-- Activity --
Find the line below with "Свадьба - Wedding" and the line with "A close-up shot". Output them and the lines between, exactly, but not the pictures.

-- Data for analysis --
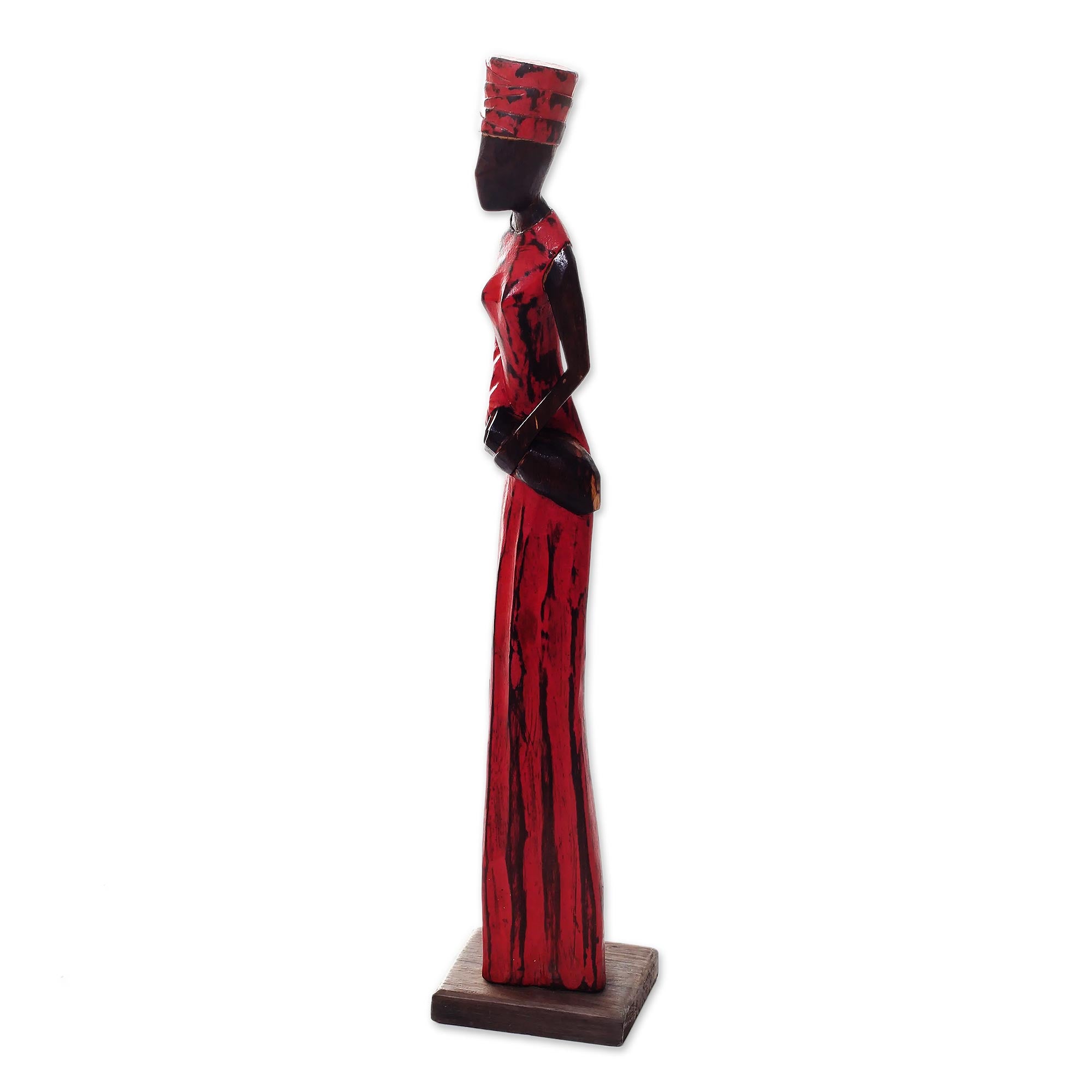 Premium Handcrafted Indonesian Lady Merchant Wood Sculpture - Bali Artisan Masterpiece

---

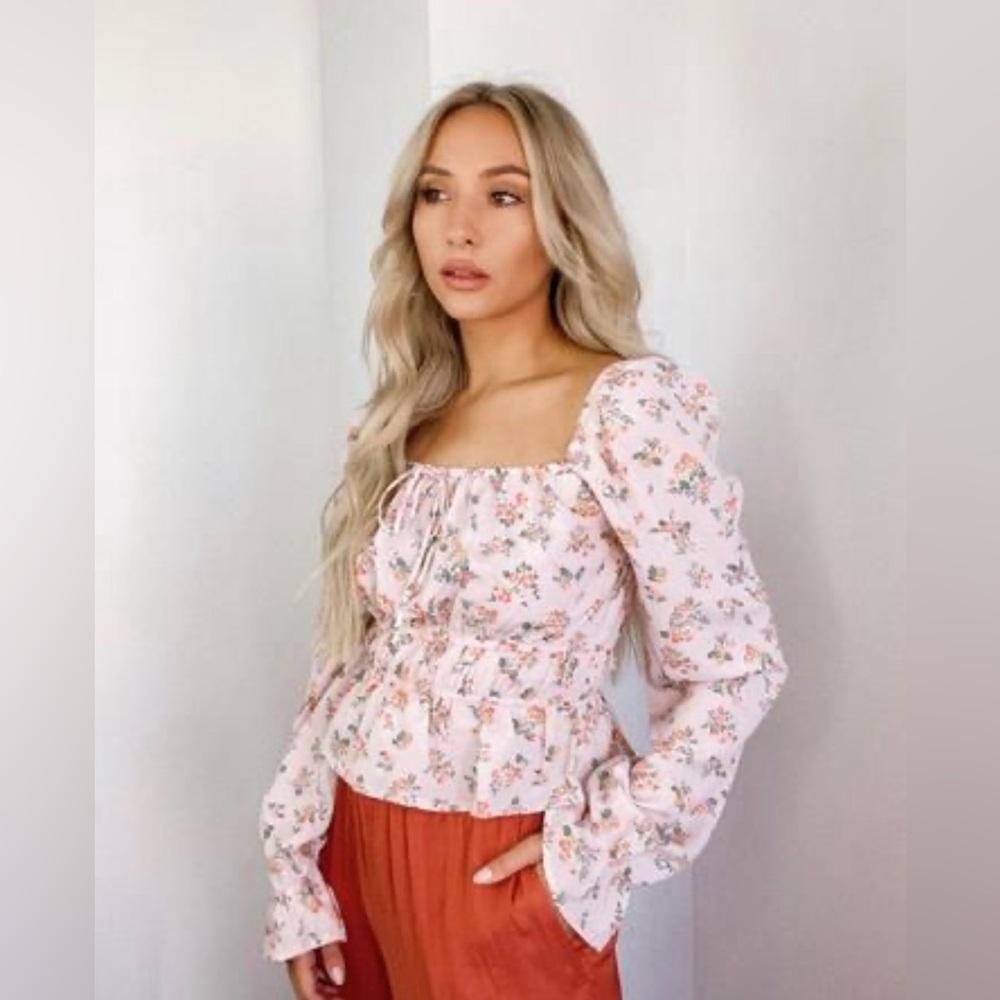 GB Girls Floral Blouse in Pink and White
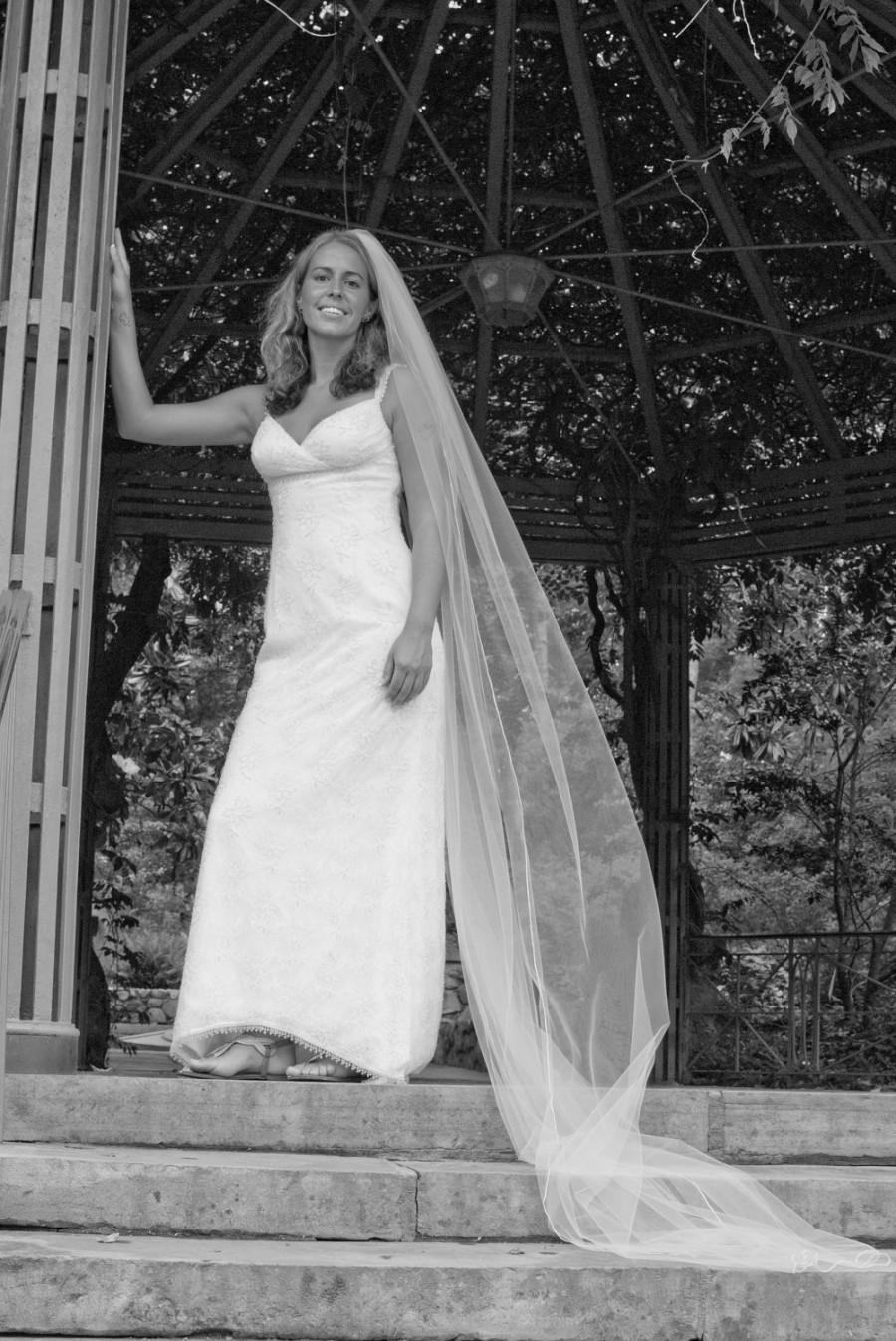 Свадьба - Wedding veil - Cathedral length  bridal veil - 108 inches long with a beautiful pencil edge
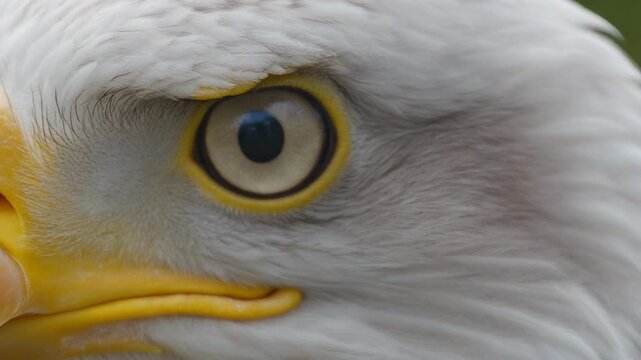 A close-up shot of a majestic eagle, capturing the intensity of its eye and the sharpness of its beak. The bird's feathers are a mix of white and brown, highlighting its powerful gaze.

==

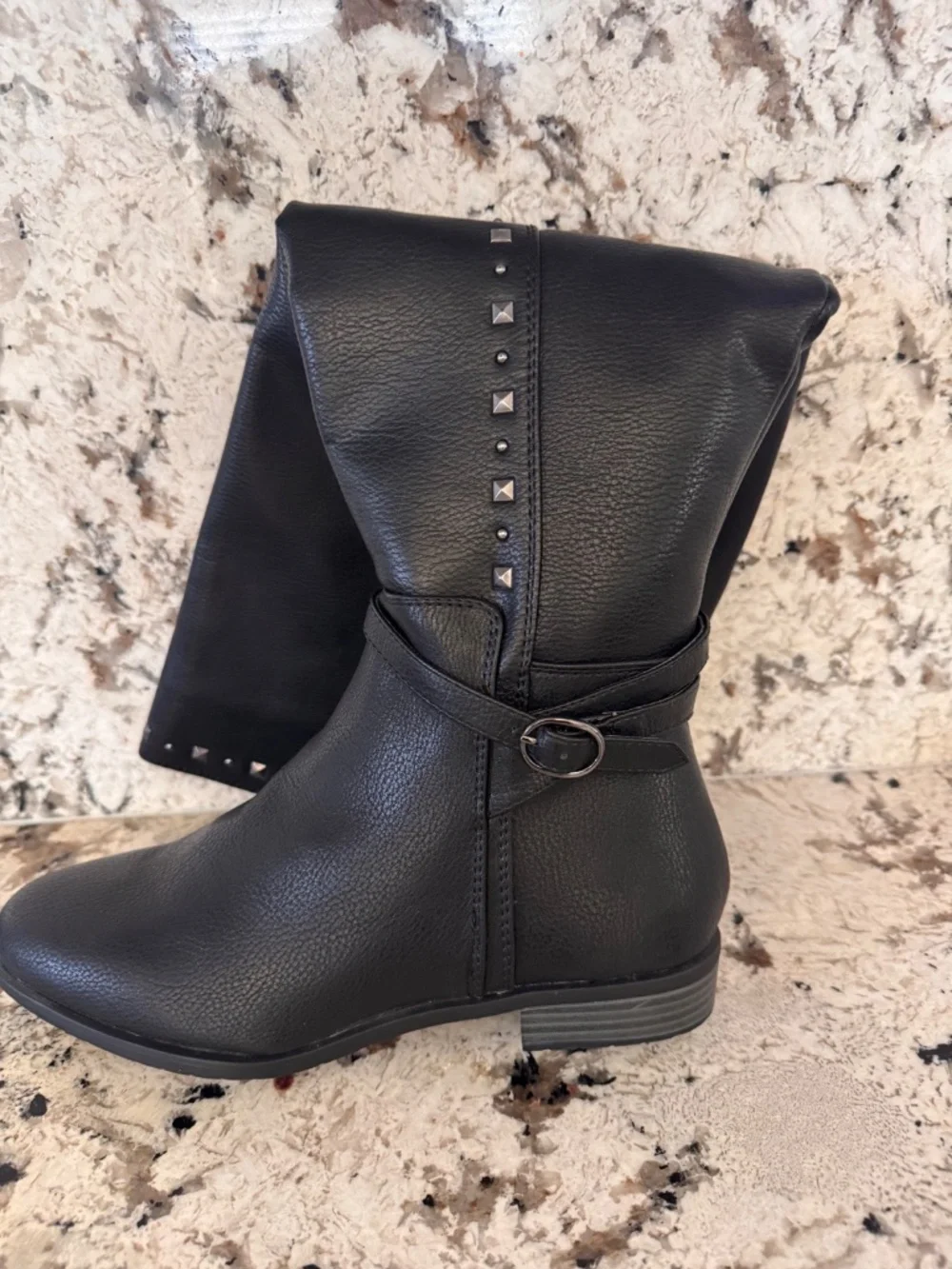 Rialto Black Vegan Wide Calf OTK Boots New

-- Output --
 Свадьба - Wedding veil - Cathedral length  bridal veil - 108 inches long with a beautiful pencil edge
 A close-up shot of a majestic eagle, capturing the intensity of its eye and the sharpness of its beak. The bird's feathers are a mix of white and brown, highlighting its powerful gaze.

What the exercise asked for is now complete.